You can use conditioning, grouping, and type = in various combinations.

## conditioning + type "r" or "smooth"
xyplot(lifeExp ~ gdpPercap | continent, jDat,
       grid = TRUE,
       scales = list(x = list(log = 10, equispaced.log = FALSE)),
       type = c("p", "smooth"), col.line = "darkorange", lwd = 4)
xyplot(lifeExp ~ gdpPercap | continent, jDat,
       grid = TRUE, group = continent,
       scales = list(x = list(log = 10, equispaced.log = FALSE)),
       type = c("p", "smooth"), lwd = 4)

Combat overplotting

In a univariate setting, we fought overplotting with jitter, before we turned to entirely different strategies, such as the kernel density estimation that underpins densityplot(). In scatterplots, the entry level solution to overplotting is to use alpha transparency for the points.
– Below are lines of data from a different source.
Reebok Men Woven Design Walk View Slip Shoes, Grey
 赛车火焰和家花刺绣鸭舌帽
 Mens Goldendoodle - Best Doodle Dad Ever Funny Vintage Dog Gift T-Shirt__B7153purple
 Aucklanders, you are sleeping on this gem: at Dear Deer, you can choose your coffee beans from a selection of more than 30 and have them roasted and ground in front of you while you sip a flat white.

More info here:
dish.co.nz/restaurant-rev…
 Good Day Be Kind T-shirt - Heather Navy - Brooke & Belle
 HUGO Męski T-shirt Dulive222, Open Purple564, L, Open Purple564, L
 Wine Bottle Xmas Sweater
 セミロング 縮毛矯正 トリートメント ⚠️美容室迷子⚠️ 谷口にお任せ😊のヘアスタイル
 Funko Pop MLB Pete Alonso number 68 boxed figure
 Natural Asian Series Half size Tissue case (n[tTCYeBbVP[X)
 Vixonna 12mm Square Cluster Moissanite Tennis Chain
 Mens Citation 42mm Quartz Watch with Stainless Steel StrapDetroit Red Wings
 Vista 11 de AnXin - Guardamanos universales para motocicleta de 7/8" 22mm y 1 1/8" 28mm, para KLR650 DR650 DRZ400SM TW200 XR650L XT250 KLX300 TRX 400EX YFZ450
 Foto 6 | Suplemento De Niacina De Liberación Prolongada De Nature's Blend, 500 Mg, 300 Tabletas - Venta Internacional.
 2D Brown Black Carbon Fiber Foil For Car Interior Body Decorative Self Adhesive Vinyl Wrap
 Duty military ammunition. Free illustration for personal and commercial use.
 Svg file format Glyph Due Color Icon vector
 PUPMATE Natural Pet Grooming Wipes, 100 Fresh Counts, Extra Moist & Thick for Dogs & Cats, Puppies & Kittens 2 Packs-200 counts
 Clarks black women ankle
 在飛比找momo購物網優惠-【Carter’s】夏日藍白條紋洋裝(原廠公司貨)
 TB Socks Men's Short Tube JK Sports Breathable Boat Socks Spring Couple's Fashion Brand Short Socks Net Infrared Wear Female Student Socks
I do that on the left via alpha = 1/2. Here's how to think of this: if alpha transparency is set to \(1/k\) then an area becomes opaque when \(k\) points overlap. (My lattice default specifies pch = 16, if you want to specify that in your call. Warning: not all graphics devices support alpha transparency.)

xyplot(lifeExp ~ gdpPercap | continent, jDat,
       grid = TRUE, 
       scales = list(x = list(log = 10, equispaced.log = FALSE)),
       type = c("p", "smooth"), lwd = 4, alpha = 1/2)
xyplot(lifeExp ~ gdpPercap | continent, jDat,
       grid = TRUE,
       scales = list(x = list(log = 10, equispaced.log = FALSE)),
       panel = panel.smoothScatter)

On the right I actually request a non-default panel function, panel.smoothScatter() that is, in fact, based on 2D kernel density estimation. There's more about panel functions here.

Finally, hexagonal binning is an interesting way to handle overplotting. The plane is divided into a hexagonal lattice and the individual hexagons are shaded according to the number of point that fall within. This requires an add-on library hexbin which you will need to install. Then you can use hexbinplo() as almost a drop-in substitute for xyplot().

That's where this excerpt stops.